What you will do —
Would you please set down the data again exactly as given, excluding the pictures?

Material provided —
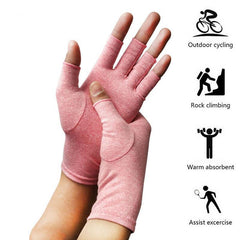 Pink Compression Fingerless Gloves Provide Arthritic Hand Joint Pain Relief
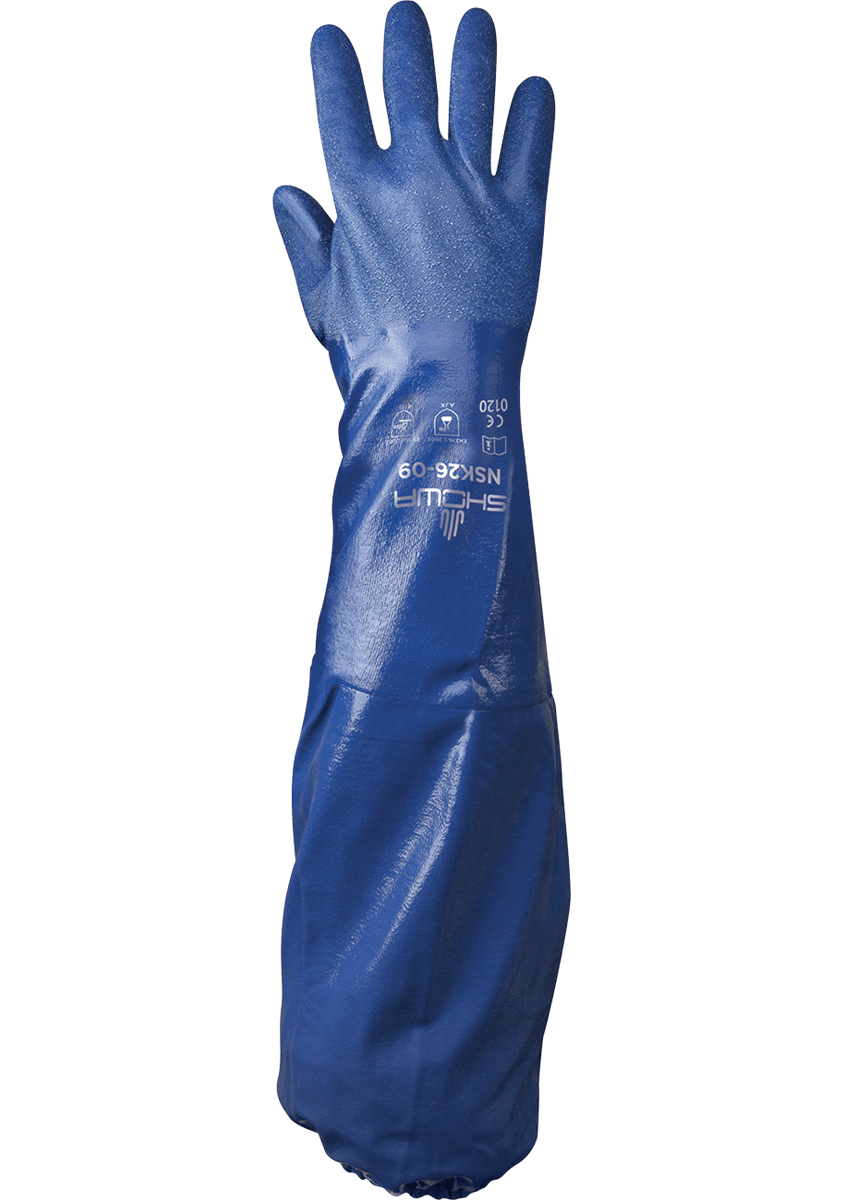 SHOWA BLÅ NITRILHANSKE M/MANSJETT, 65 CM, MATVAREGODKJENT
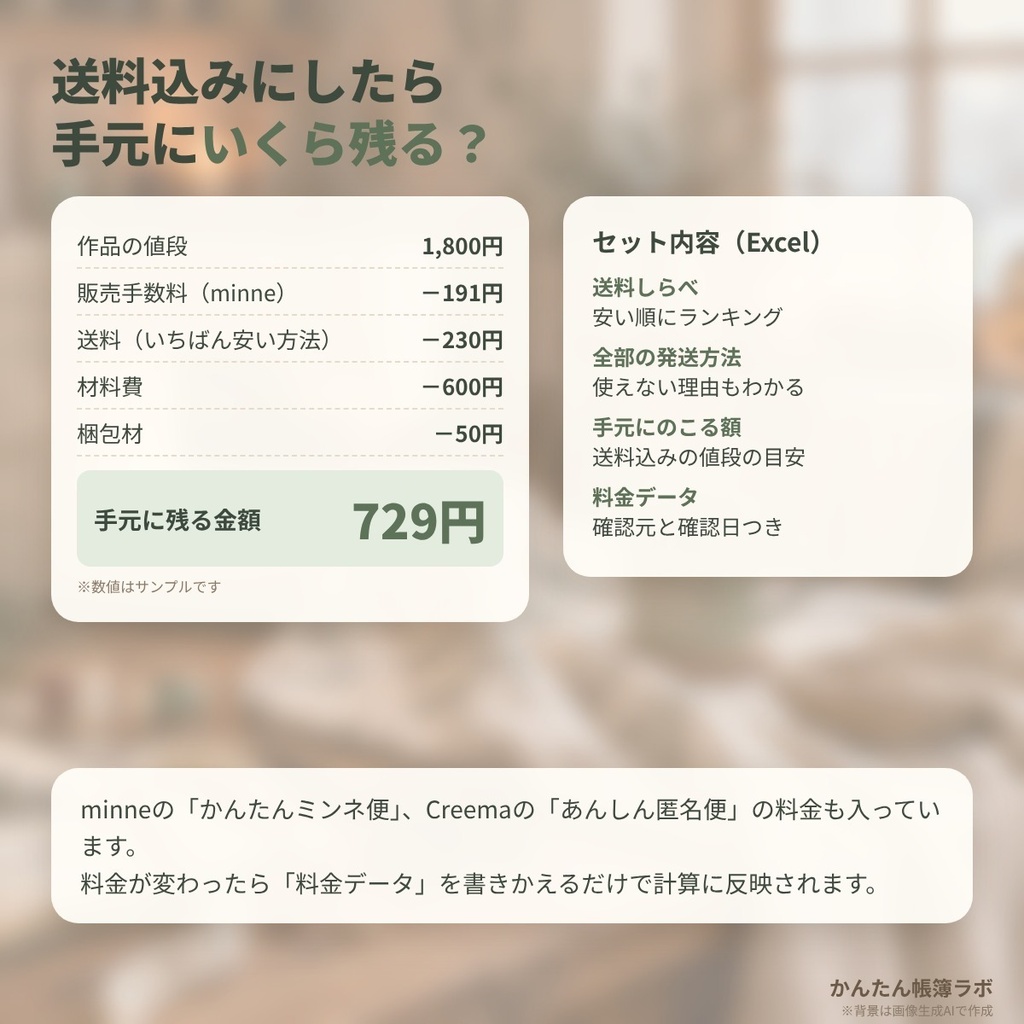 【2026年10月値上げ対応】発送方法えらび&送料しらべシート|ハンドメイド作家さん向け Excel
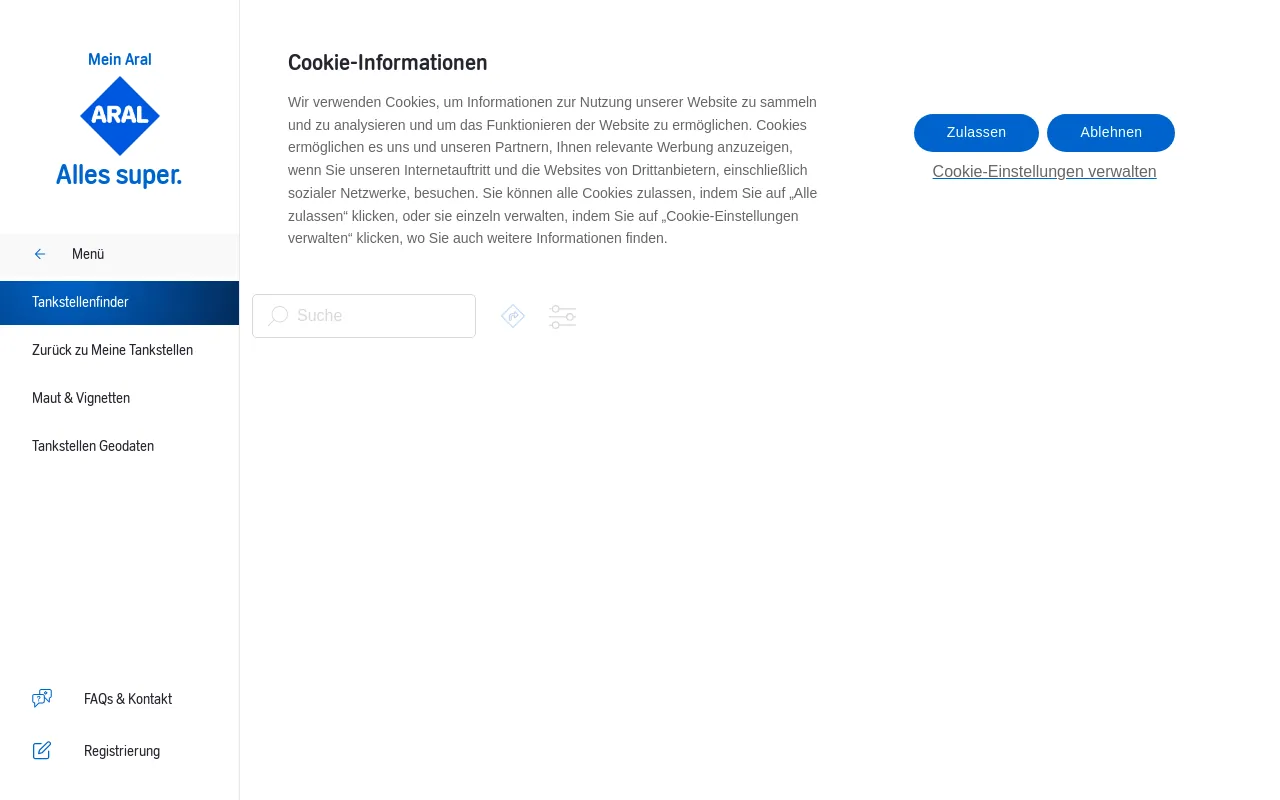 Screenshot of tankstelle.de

Written response —
 Pink Compression Fingerless Gloves Provide Arthritic Hand Joint Pain Relief
 SHOWA BLÅ NITRILHANSKE M/MANSJETT, 65 CM, MATVAREGODKJENT
 【2026年10月値上げ対応】発送方法えらび&送料しらべシート|ハンドメイド作家さん向け Excel
 Screenshot of tankstelle.de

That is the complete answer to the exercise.